In the most recent installment of a luxury brand suing Costco for trademark infringement (see the case of Tiffany’s), Michael Kors is alleging that an email sent by Costco to its customers offered handbags on sale for $99.99 for Mother’s Day, with a picture of a Michael Kors handbag appearing in the email. The pictures of the handbags included Michael Kors signature “MK” tags along with some of the signature designs (I’m not a woman, so no I don’t know which designs exactly). What’s the big deal you ask, I just got a Michael Kors bag for $89.99 at this smokin’ hot sale at the outlet mall last week, and I didn’t have to walk past aisles stacked from the floor to ceiling with pallets of drain cleaner! Well, Costco doesn’t actually sell Michael Kors stuff so putting a picture of one of the bags in an email and providing a bargain basement price (Michael Kors purses usually retail for anywhere between $128 and $1,395) is kind of somewhat confusing if you were a desperate lad looking for a quality handbag at a reasonable price for your mum. Here's a screenshot of the email that was sent out:
The complaint filed by Michael Kors is pretty cut and dry: Costco is not authorized to sell Michael Kors handbags and by putting images of the handbags in an email and advertising a low price, the email deceived consumers and made other bags being sold by Costco look better. What defenses does Costco have? Apart from “oh, we let a marketing intern put together to email so we didn’t even notice the images used in the email, lol”), I can’t really put my finger on anything in particular that might save Costco. I’m sure there must have been some documented case of consumer confusion (I myself would have been suckered into capitalizing on such an incredible price). And fair use probably isn’t available as a defense because Costco used the mark in such a way that people would probably be confused as to whether Michael Kors purses were actually sold at Costco.

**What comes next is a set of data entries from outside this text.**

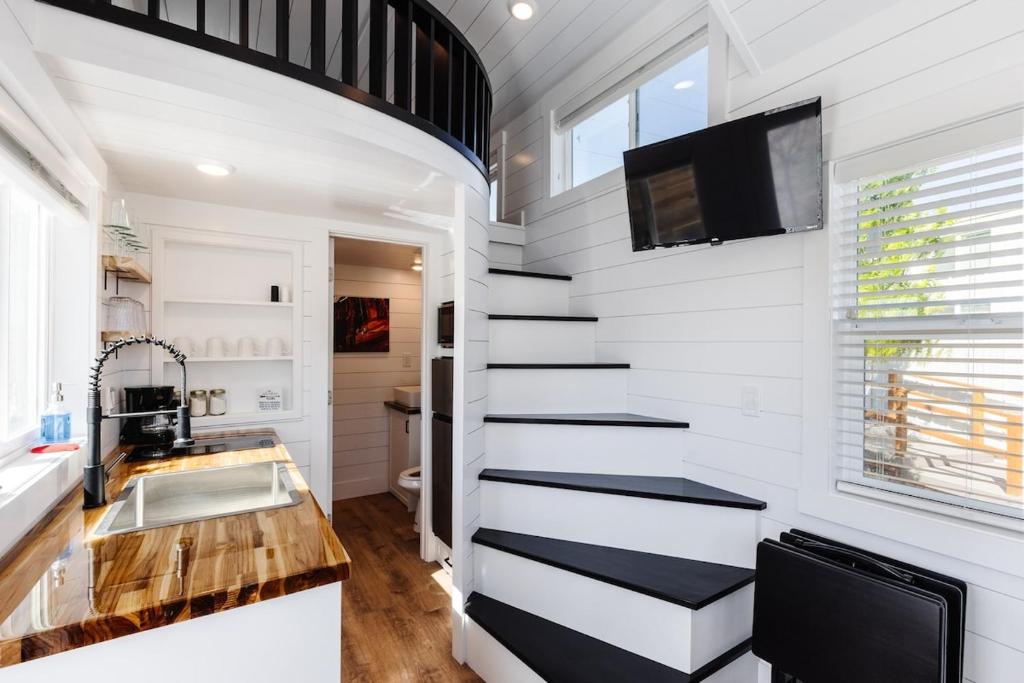 Кухня или мини-кухня в Zion Red-Rock Romance Tiny Home for Two
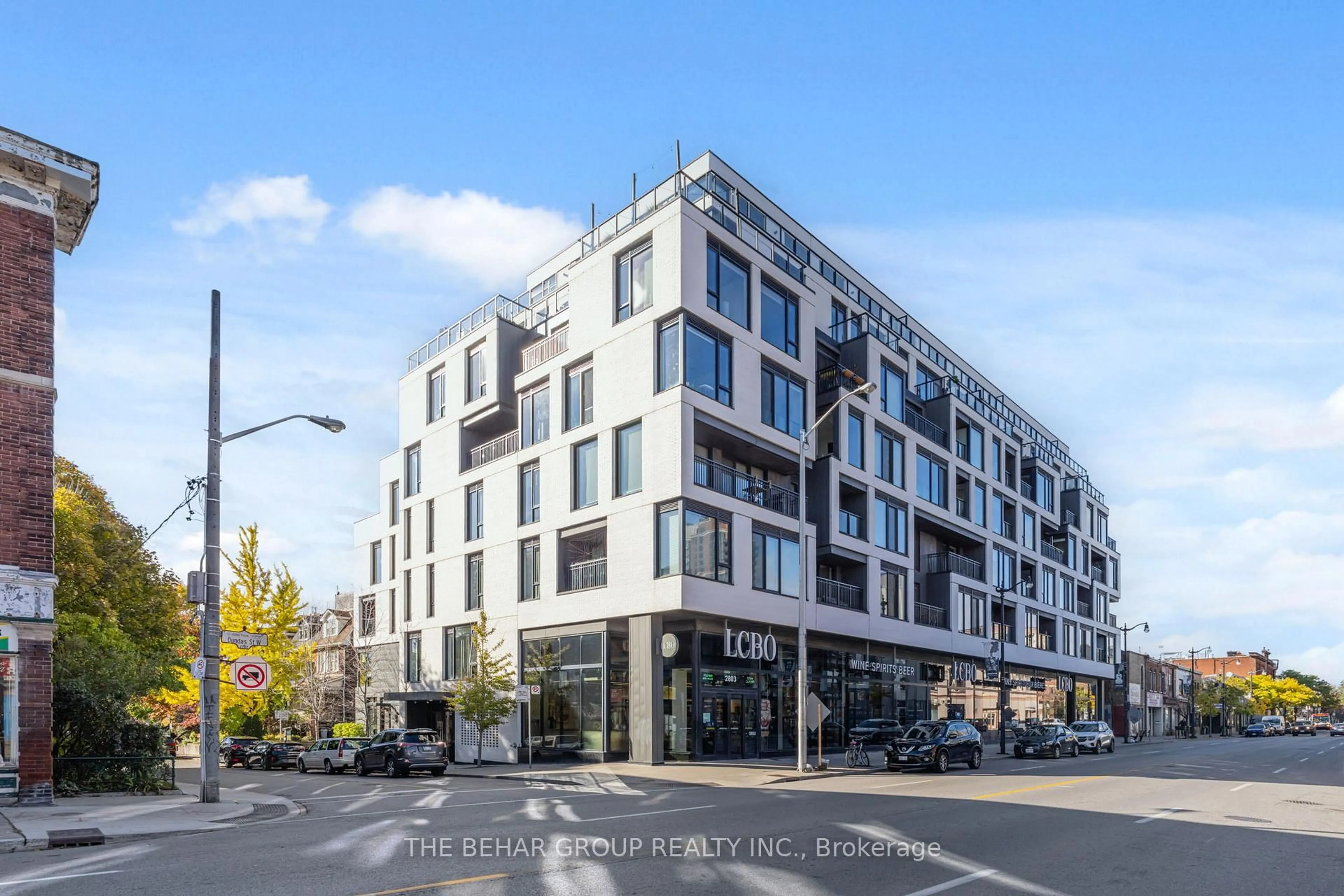 Unknown for 530 Indian Grve #703, Toronto Ontario M6P 0B3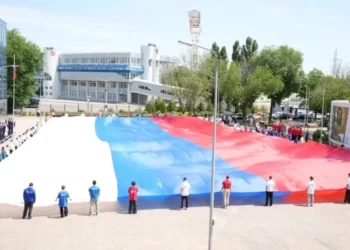 РАЗВЕРНУЛИ САМЫЙ БОЛЬШОЙ ФЛАГ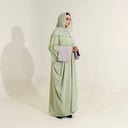 كريب تفاحي مع أكمام مطرزه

Luxury brand owners of course have a lot at stake. A luxury brand usually has significant goodwill and customer recognition attached to it, have a high probability of becoming tarnished due to the actions of counterfeiters, and is backed by a significant investment in marketing by the brand’s owner. The investment backing a luxury brand can sometimes be on-par with that of Fortune 500 brands such as Coca-Cola. To protect luxury brands, the owner might be very selective in the kinds of distributors that they use to sell their products. If a particular product is expensive and exclusive, then it of course makes sense to make the distribution channels exclusive right? For this reason, just like we saw in Tiffany’s case against Costco, there is likely to be a lot of mudslinging with Michael Kors saying that Costco is a “low-cost, low-slung purveyor of cheap crap” and that “our goods do not belong next to industrial sized packages of bubble gum”. Costco may strike back with some daggers of its own, like it has done against Tiffany by arguing that the Tiffany name itself is generic for jewelry settings.
I’m going to be extra charitable and say that somebody in the marketing department at Costco goofed. I mean, considering the high-profile battle between Costco and Tiffany’s, why would Costco want to become embroiled in another tussle with a different luxury brand? At the very least, this episode indicates the importance of brand clearance and communications auditing not only of your own brands as a trademark owner, but also of brands that you reference in your marketing pieces. Any reference to a third-party, particularly one that places significant value on their brand names, could put you in trouble, especially if you aren’t authorized to sell the third-parties products.
The takeaway for luxury brand owners? Be careful who you go after. You might find yourself dealing either with the war chest of a well-funded retailer or the stinging rebuke of t.o’ed consumers.
Sidenote (yes another one!): I actually love going to Costco and think they have an excellent business model. So no snarky comments as to Costco or the layout of its stores, or the wares that it sells should be taken as anything more than an attempt at witty humor to make this topic more interesting as a blog post. For the record, Costco’s all-american chocolate cake is probably my favorite dessert of all time.